Knowing and identifying the signs of an infection is the best way to avert them before they worsen.
1. Daily examination
Daily examination of pressure points on the body will help them prevent bed sores. Pressure points are the regions on which the weight of the body centers in a position like sitting, sleeping, etc. Common sites to look out for pressure ulcers are shoulder blades, buttocks, and back of the thighs if the patient is resting on a bed for maximum hours each day. Once bed sores are formed, it is difficult to treat them, as the patient will not be mobile for most part of the day.
2. Water/air beds
Water/air beds are commonly used in to avoid formation of bed sores.

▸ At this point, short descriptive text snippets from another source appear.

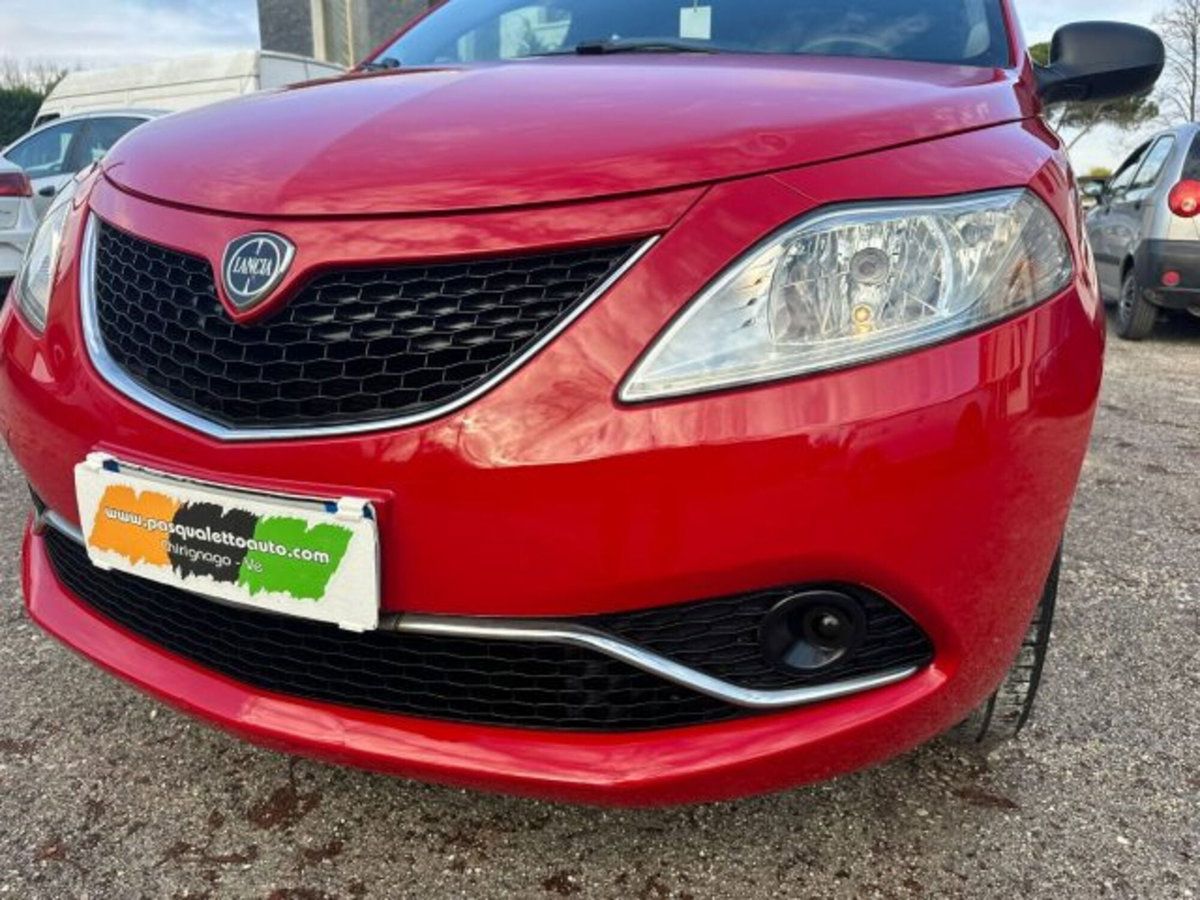 Lancia Ypsilon 1.2 69 CV 5 porte GPL Ecochic Silver (17)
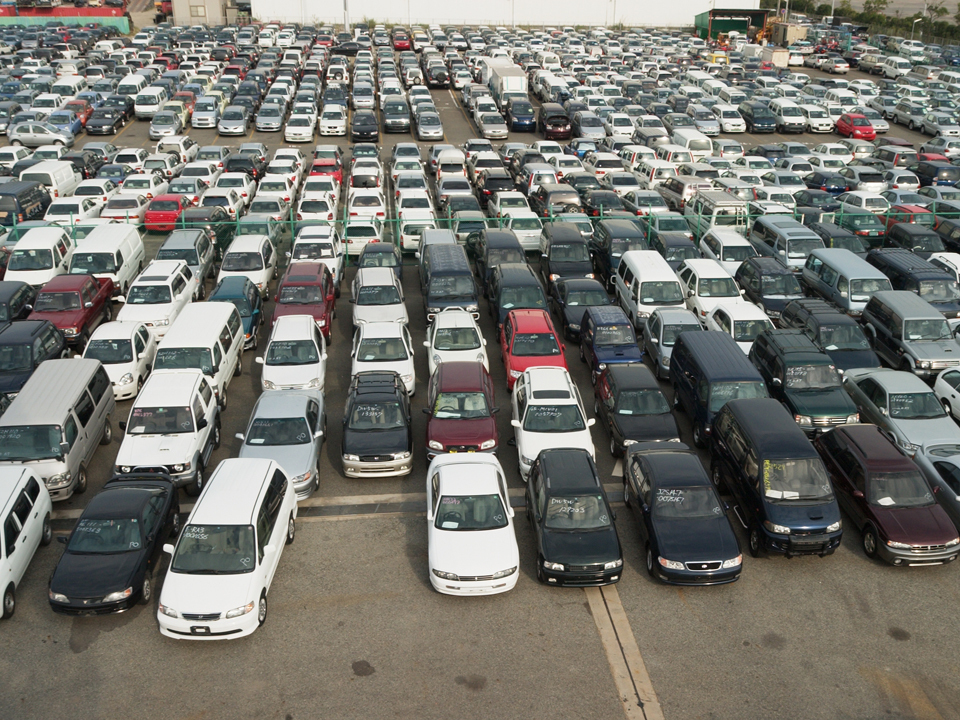 Reducerea taxei auto va duce la creşterea achiziţiilor de maşini vechi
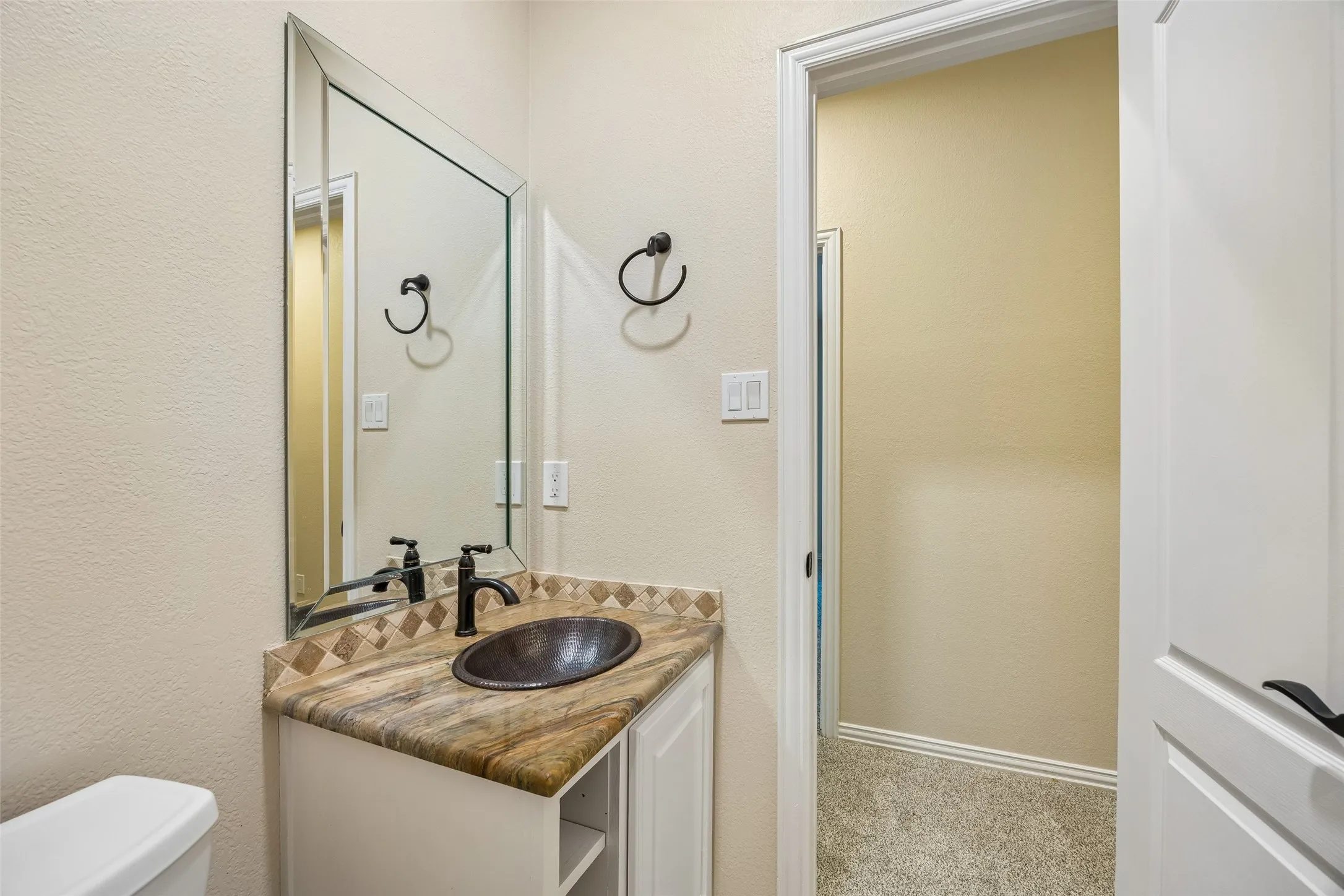 Single Family Residence For Sale in Collin County , 2824 Meadowside Drive, Mc Kinney, Texas 75071, 3 Bedroom, 3 Bathroom, 3 Garage spaces, 2,407 Sqft, built in 1992, mls#21373517, Real Estate Agent in Mc Kinney, Homes For Sale in Collin county, Homes For Sale in Mc Kinney, Realtor in Mc Kinney Texas, Real Estate Brokerage Independent Realty Texas, Luminita Cordes Realtor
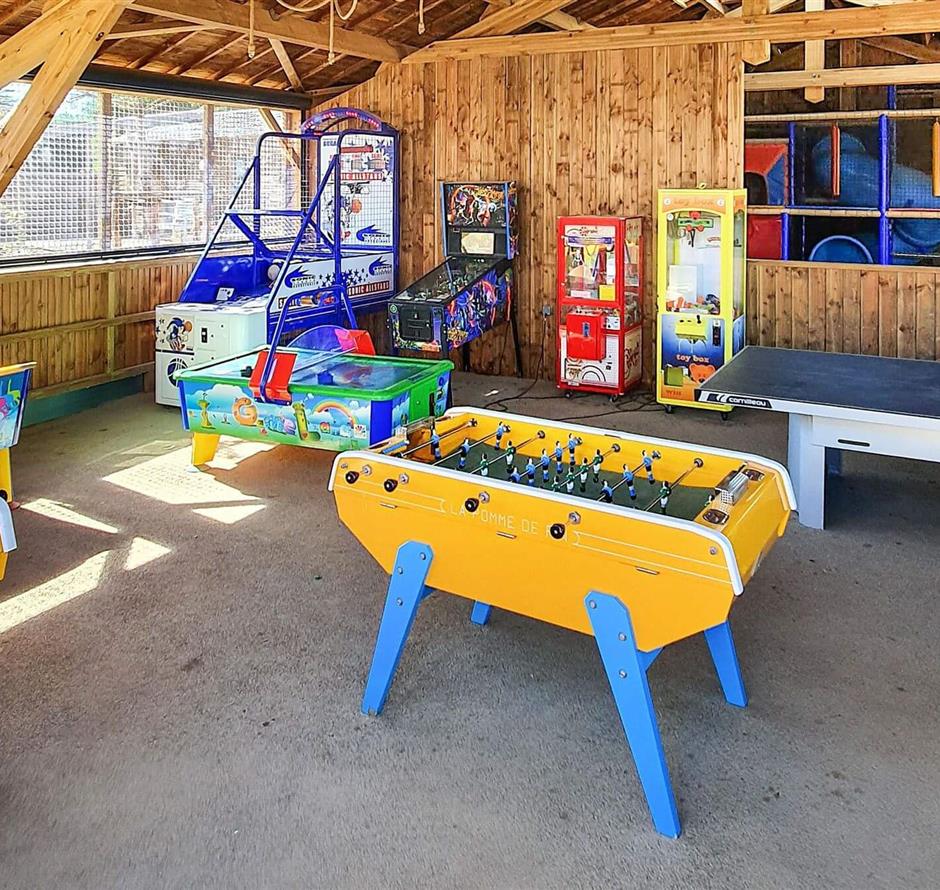 Spielzimmer mit Billard und Tischfußball - Camping pomme de pin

The constant pressure reduces the circulation to the skin of pressure points. A water bed offers minimal resistance as compared to a regular mattress and better aeration to the skin thus averting pressure ulcers. The water also helps keep the skin cool, making the patient more comfortable. Make the patient lie down on either sides or the back every few hours, to reduce chances of pressure ulcers.
Keeping the body clean will help prevent infections. Add a tablespoon of an antiseptic agent like Dettol/ Savlon/Betadene to a bucket of water while sponging the patient. If an ulcer has already set in, one must clean the wound daily using clean cotton swabs soaked in an antiseptic liquid like Savlon or Betadene (not Dettol, as it will produce a severe burning sensation) to keep the area aseptic and hasten recovery.
Massage improves blood circulation in the body. It is a good idea to perform gentle but firm massages for 30 minutes each day. Use of plain coconut oil or a moisturizer during a massage is advisable. This will also help keep the skin soft, supple and prevent infections.
Keep the body dry and clean. Avoid friction as it can lead to other skin infections like intertrigo and fungal infections. Gently sprinkle and spread talcum powder on the entire back, behind the arms and thighs, to reduce contact and friction between skin and bed sheet.
6. Bowel movements
Bowel movements often reduce in frequency and constipation might be a common complaint as the person is bedridden and has little mobility. Increased fluid intake, about 10-12 glasses of fluids in the form of juices, coconut water, plain water, beverages, should be taken care of.
7. Respiratory system
The respiratory system is affected, as muscle strength tends to flag. The oxygen supply to the body tissues thereby reduces. Easy breathing exercises and changing sides every few hours helps expansion of lungs. This is very vital as lung secretions may remain stagnant in the lung, leading to chest infection. Respiratory physiotherapy is of tremendous importance in such cases.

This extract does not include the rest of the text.